Earlier this year, Defense Secretary Chuck Hagel and his Israeli counterpart announced a major arms package for Israel that would include four or five Ospreys for Israel’s Special Forces, but the financing was still being worked out.

In Abe’s design for a new era of “pro-active pacifism” by Japan, most of the new defense spending would go towards efforts at monitoring and defending rocky uninhabited islets in the East China Sea called the Senkaku Islands by Japan, and the Diaoyu by China.
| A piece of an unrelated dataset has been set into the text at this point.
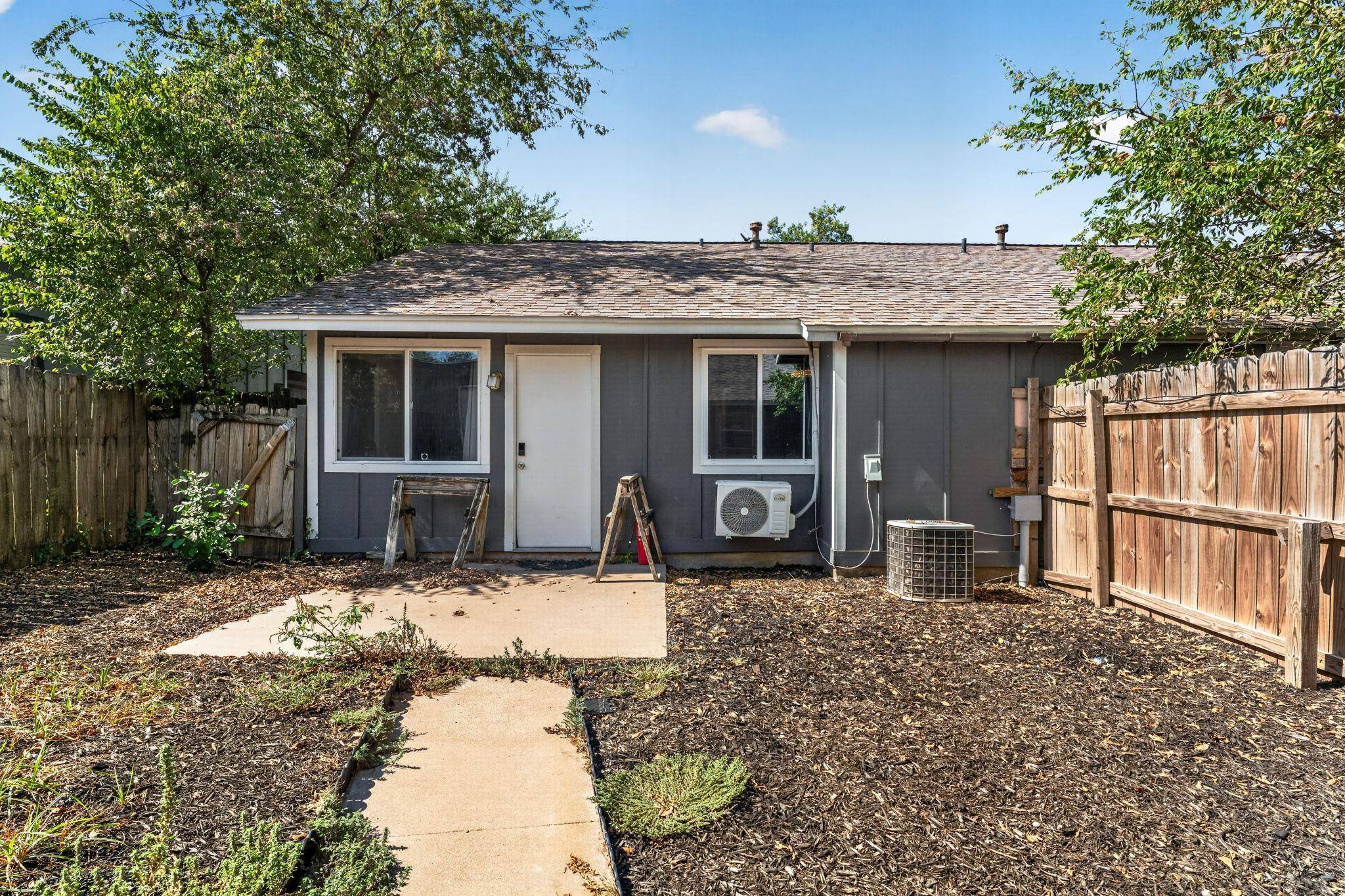 1404 W Braker LN #A & B, Austin, TX 78758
As part of the plan, Japan would create a Marine Corps-style amphibious quick reaction force within its Self-Defense Forces that would be capable moving rapidly to defend the islets that are currently administered by Japan. The new force would be based in southwestern Japan, which is closest to the islets.

“The security situation around Japan has become even more severe, and in order to maintain peace, it is necessary to implement national security policies in a more strategic and structured manner,” Japan’s Ministry of Foreign Affairs said in a statement.
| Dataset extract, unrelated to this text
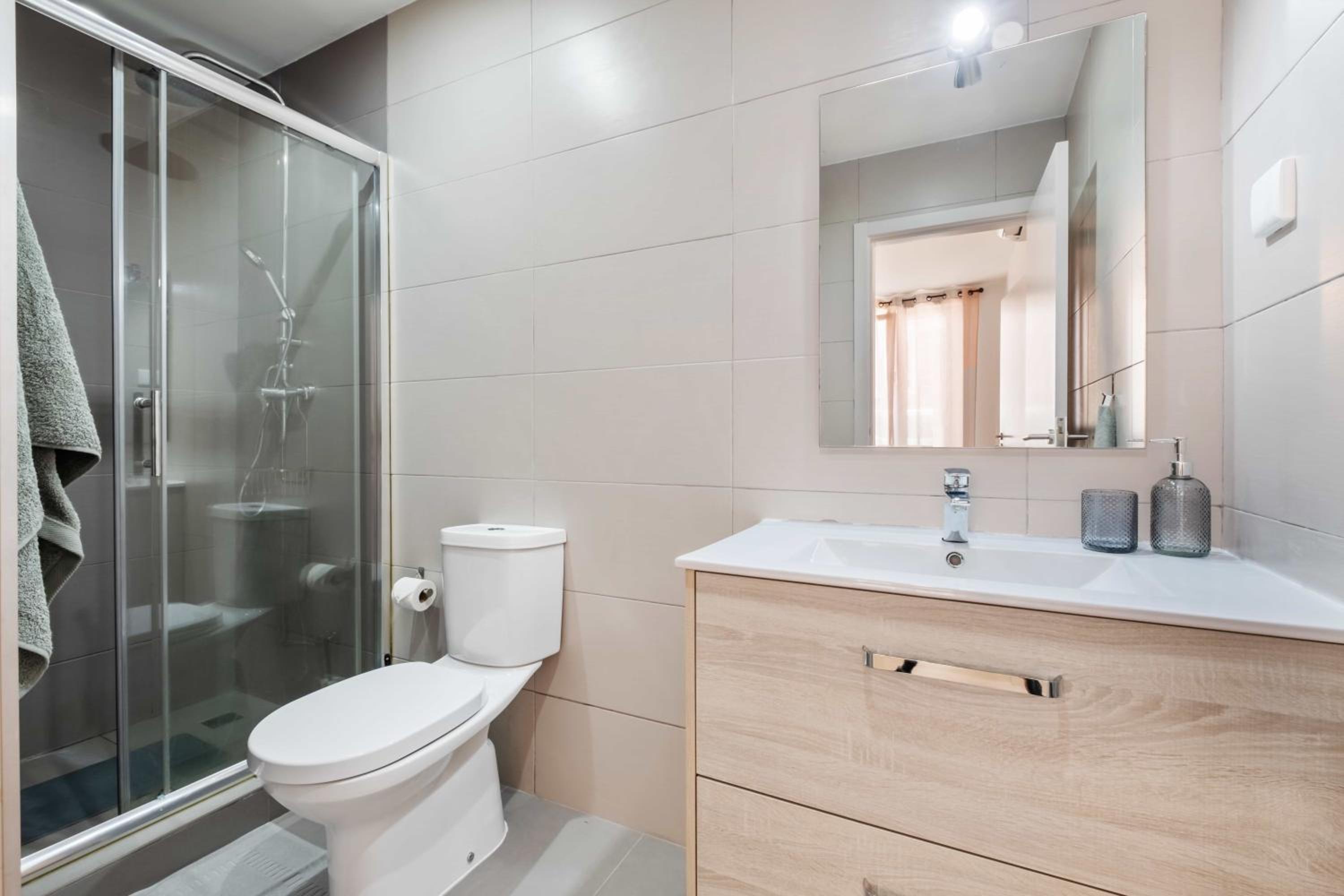 Two-Bedroom Apartment with City View photo 2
“This does not in any way change Japan’s pacifist policies, which have been consistent throughout the postwar period,” the Ministry said.

Japan’s Constitution, largely written by U.S. occupation forces following Japan’s surrender in World War II, bars the nation from possessing “land, sea and air forces, as well as other war potential” for action other than self-defense. Under Abe’s new plan, the definition of self-defense would be expanded to include action on behalf of allies under attack.

China rattled the region earlier this month by declaring an Air Defense Identification Zone over the East China Sea to include the disputed islets, warning that aircraft passing through the ADIZ without identifying themselves could be subject to “emergency measures.” The U.S. and Japan have mostly ignored the ADIZ.

In response to the new Japan strategy, the official Chinese news agency Xinhua said that “if Japan really hopes to return itself to the ranks of a ‘normal country’, it should face up to its aggression in history and cooperate with its Asian neighbors instead of angering them with rounds and rounds of unwise words and policies.”

Secretary of State John Kerry, who was in Manila for talks with Philippine officials, spent time trying to ease tensions over Japanese defense build up.

Kerry said the Japanese plan represented “the joint vision of Japan-U.S. cooperation in terms of security for the region and elsewhere. This is not a sudden response to something or anything that anybody should get particularly upset about,” Kerry said.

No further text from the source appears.